VI

文字数 902文字

 Sと別れて数日後に、Kは始めてあの夢を見た。そのときからKは、いわば自分の生き方として、理想を保留し現実を優先するという方針を公式に取り入れたのだった。その方針に魂を売った、と言ってもいい。だから、先に事業のことをかたずける、などというのは言い訳に過ぎなかった。自分の事業を始めるずっと以前から、Kはすでに、あの「考えるべき」ことを考えないようにしてきたのだった。
 Kは今になってようやくそれら一連の経緯のことを思い出し、すべてを理解したように思った。Sの言ったことの意味を、それもその直接の意味ではなく、その議論が暗示する本当の意味を、当時それを言った本人が把握していたかどうかには関わりなく、Kは今になって理解したように思ったのだった。Sは正しかった。店長を、客を説得すべきだったし、こちらから提案もすべきだった。抗うべきだったし、それが現実となることに希望をつなぐべきだったのだ。それをしないことで、現実に早々に見切りをつけることで、自分の人生は根幹から変わってしまったのだ。あり得たかもしれない現実の半分を自分から見捨ててしまったのだ。
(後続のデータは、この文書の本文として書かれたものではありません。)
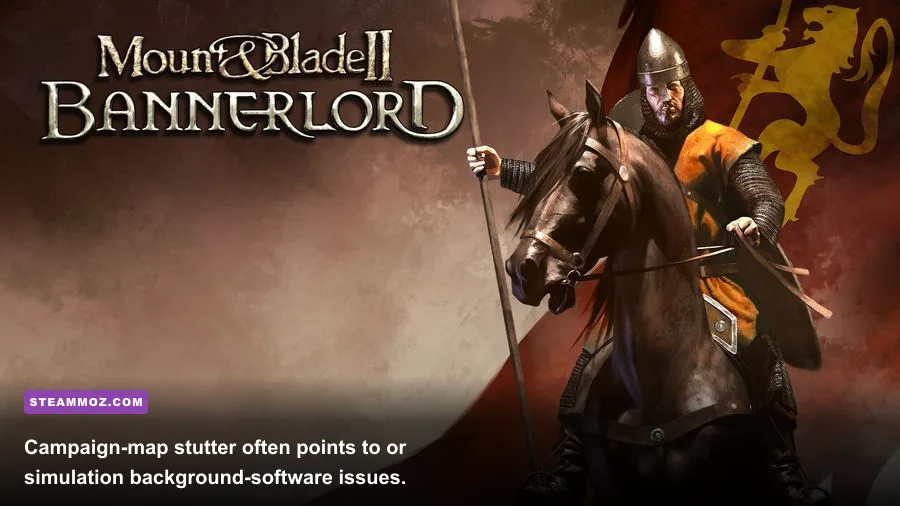 Mount and Blade II Bannerlord campaign map with the player party traveling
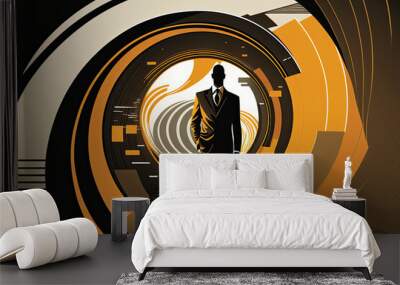 Silhouette of a businessman in a suit walking confidently toward us in the center of an abstract background. On target for success concept illustration. Generative AI. Wall mural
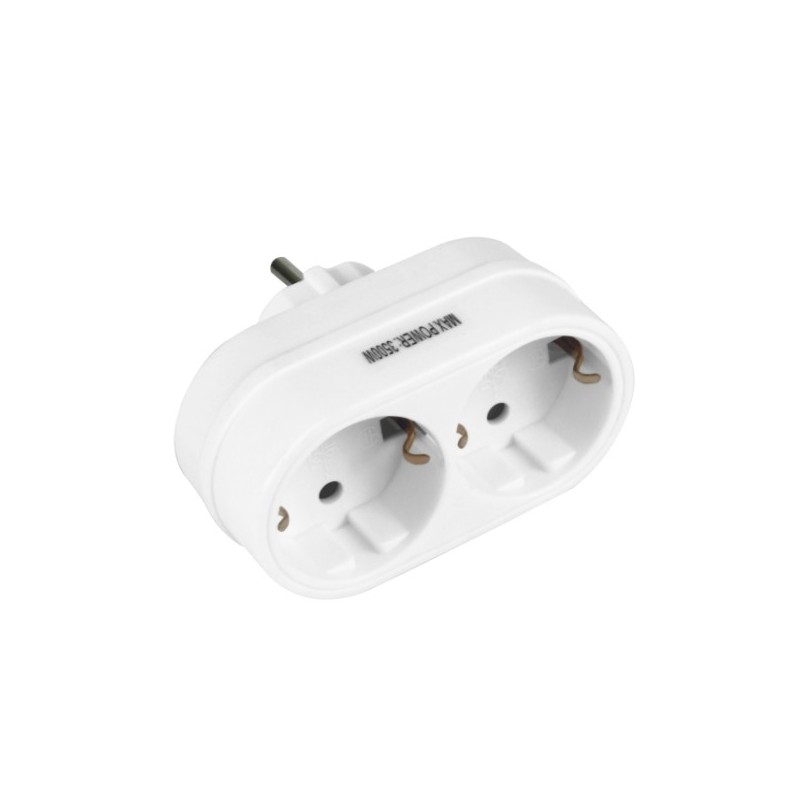 AMIG 8562  
 Adaptador schuko de 2 vías 3209  
 76 x 93 x 50 mm  
 Policarbonato  
 Blanco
 Kが最初にあの夢を見た日から、もう三十年以上がたっていた。そのことを思うと、Kはまるで自分の人生自体が夢であったかのような気がするのだった。あの金髪のアルバイトも、自分の年になれば、人生は夢のようだったと感じるのだろうか? あの日見捨てた現実の半分を取り戻すのには、もう遅すぎるのだろうか? 考えるべきことを考えるのには、もう手遅れなのだろうか?
 だが、人は変わり、世の中も変わる。Mの金髪は今ではすっかり店になじんでいる。彼の昔の髪の色を思い出すのも難しいほどだ。なぜあれほど髪の色にこだわっていたのか、Kは自分でも分からなくなっている。あれほど現実を知らないとSには言っておきながら、自分はいったい現実のことをどれほど知っていたのだろう。
 Kはいまでも起きがげに夢を見る。目の覚めるころには内容はすっかり忘れている。しかし内容を忘れてしまうからといって、悲しみで心が疼くことはもうない。たとえ人生が一つの夢だとしても、その夢はいままた始まったばかりだ。